◆ What this task involves: Please reproduce the lines of the records below from the one holding "Sumi Serenity, 21x30cm" through the one holding "Наркотические марки 1,8мг", inclusive, skipping all pictures.

◆ Provided records:
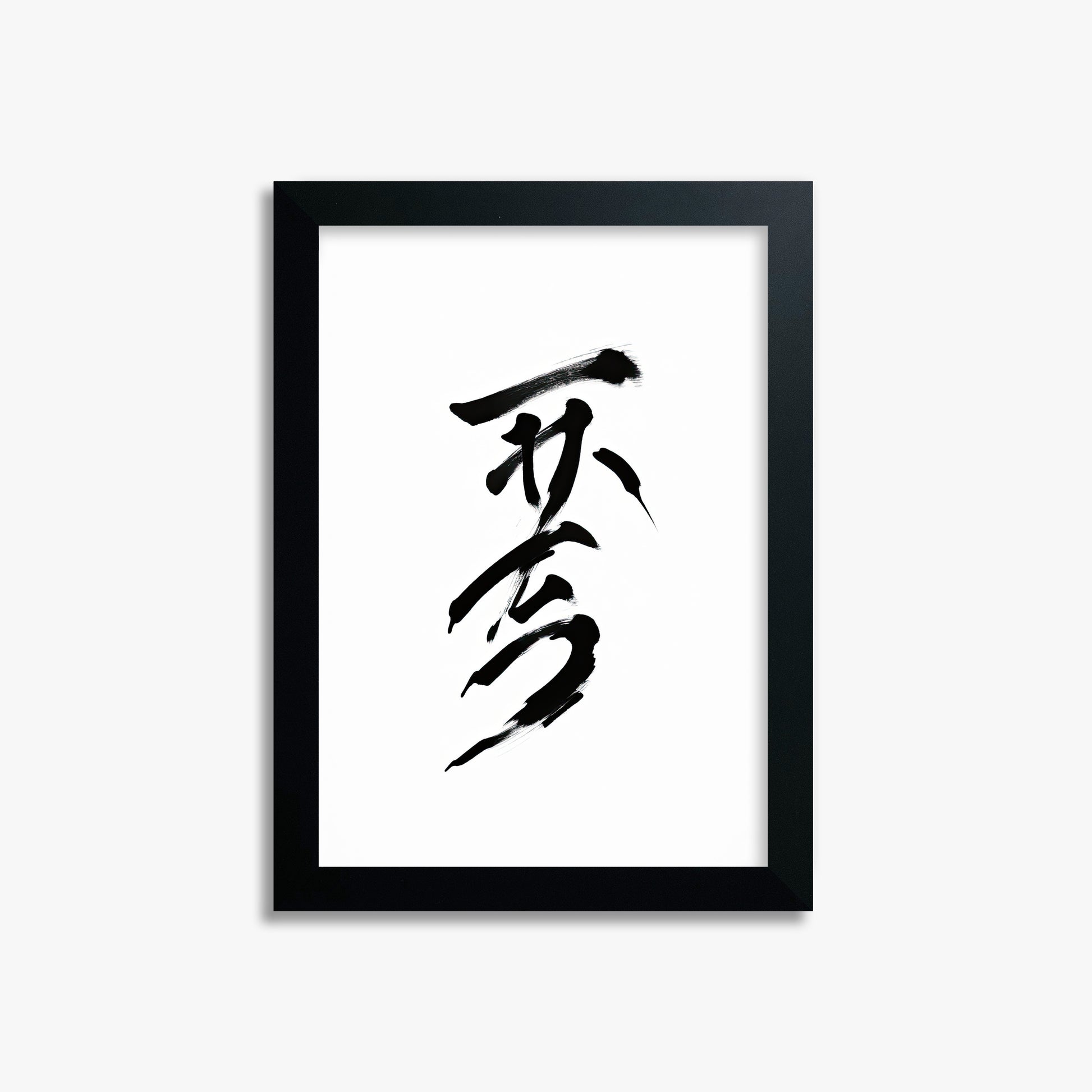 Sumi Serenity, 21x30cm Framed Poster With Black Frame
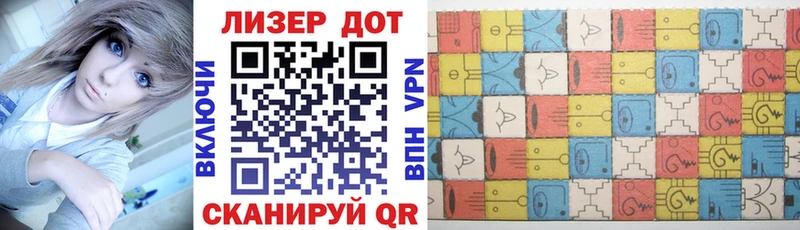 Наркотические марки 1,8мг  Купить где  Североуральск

* * *

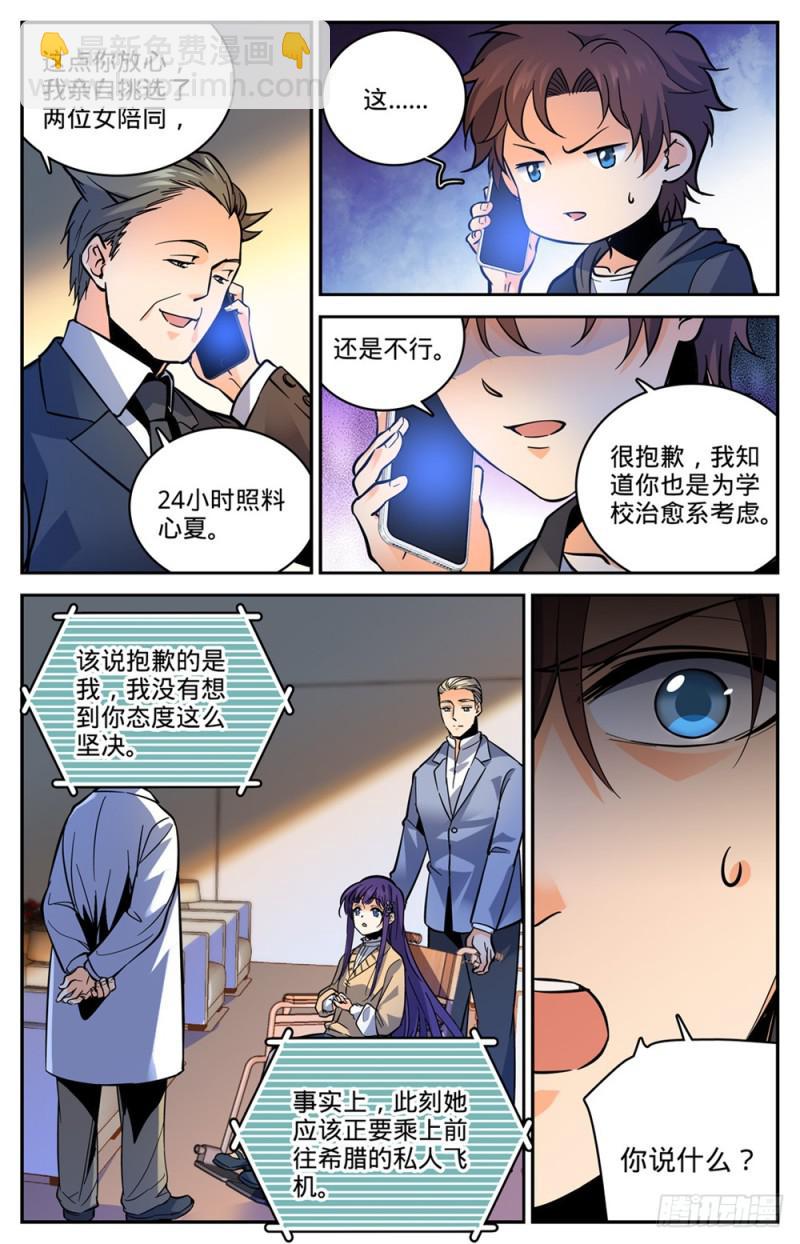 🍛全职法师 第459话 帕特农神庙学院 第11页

◆ Finished exercise:
 Sumi Serenity, 21x30cm Framed Poster With Black Frame
 Наркотические марки 1,8мг  Купить где  Североуральск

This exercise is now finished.